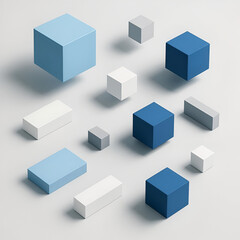 Obraz premium Abstract floating 3d geometric cubes and prisms on light background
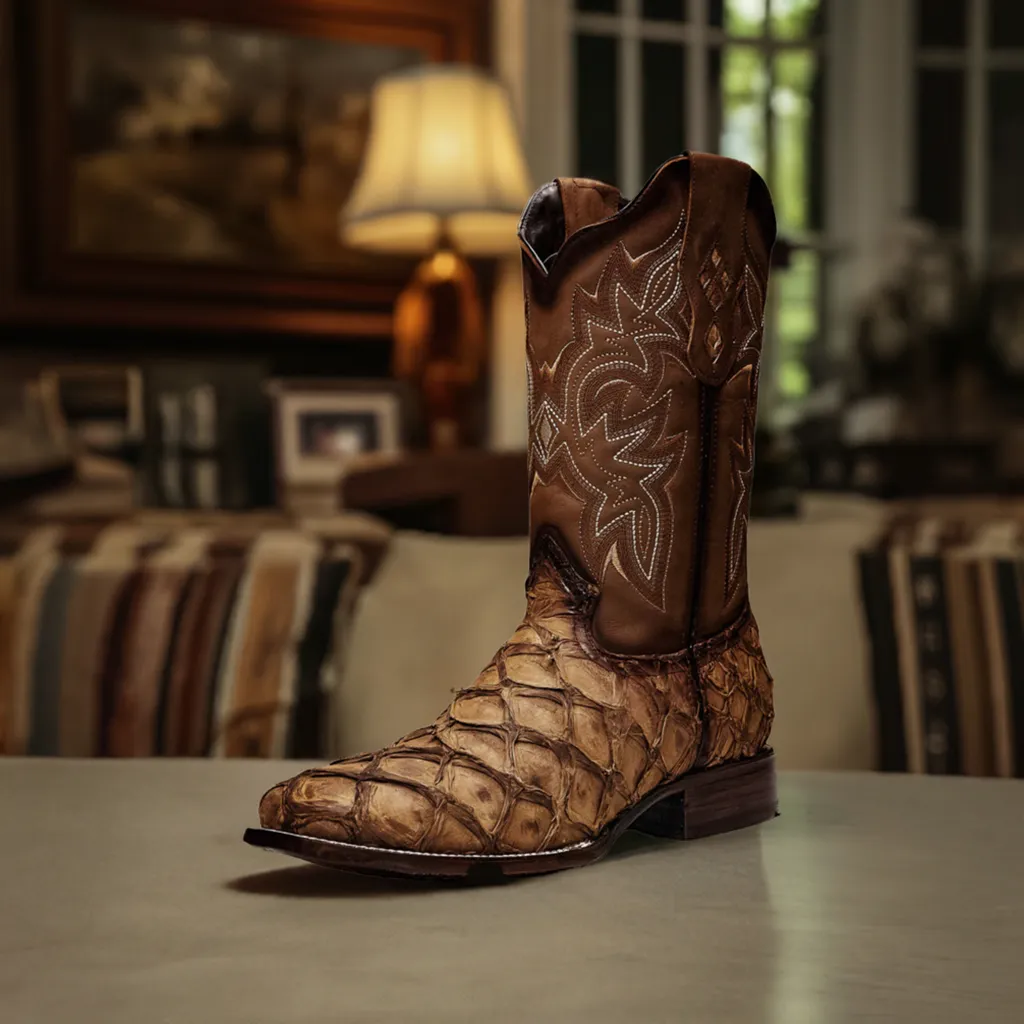 Botas Vaqueras Rodeo Exoticas de Pirarucu Fish Original para Hombre 'Rodeo Cartie' - ID: 761OR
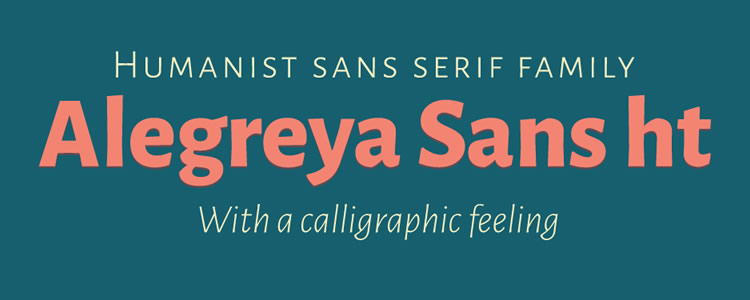 Alegreya Sansfont designed by Huerta Tipografica free typeface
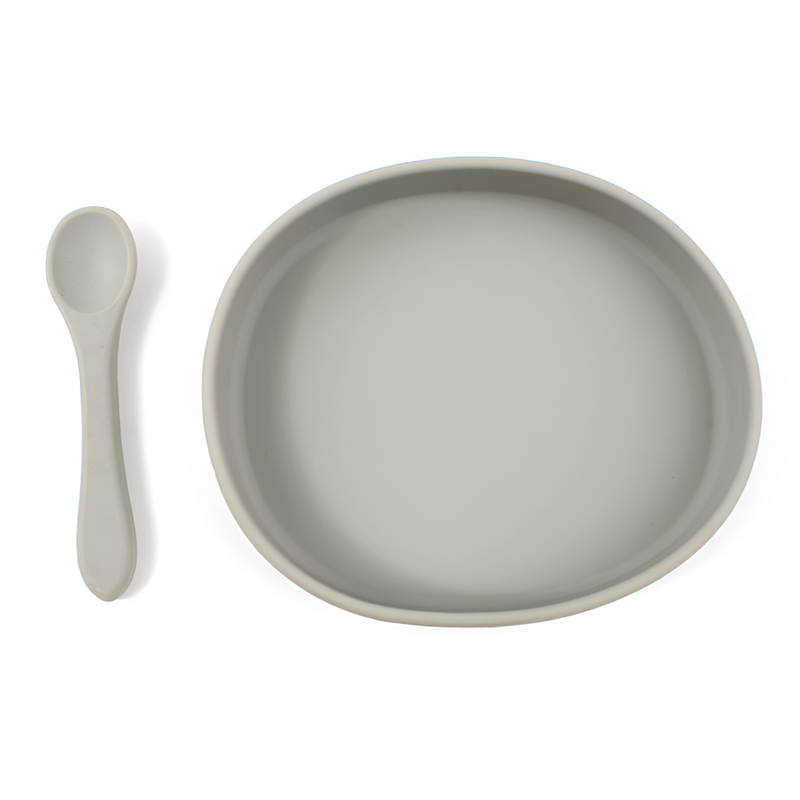 Silicone Baby Feeding Plate and Spoon Set – Oval Non-Slip Dish for Toddlers - Available in 9 Colors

:: TO DO ::
All of the data must be set down exactly, with no pictures included.

:: RESPONSE ::
 Obraz premium Abstract floating 3d geometric cubes and prisms on light background
 Botas Vaqueras Rodeo Exoticas de Pirarucu Fish Original para Hombre 'Rodeo Cartie' - ID: 761OR
 Alegreya Sansfont designed by Huerta Tipografica free typeface
 Silicone Baby Feeding Plate and Spoon Set – Oval Non-Slip Dish for Toddlers - Available in 9 Colors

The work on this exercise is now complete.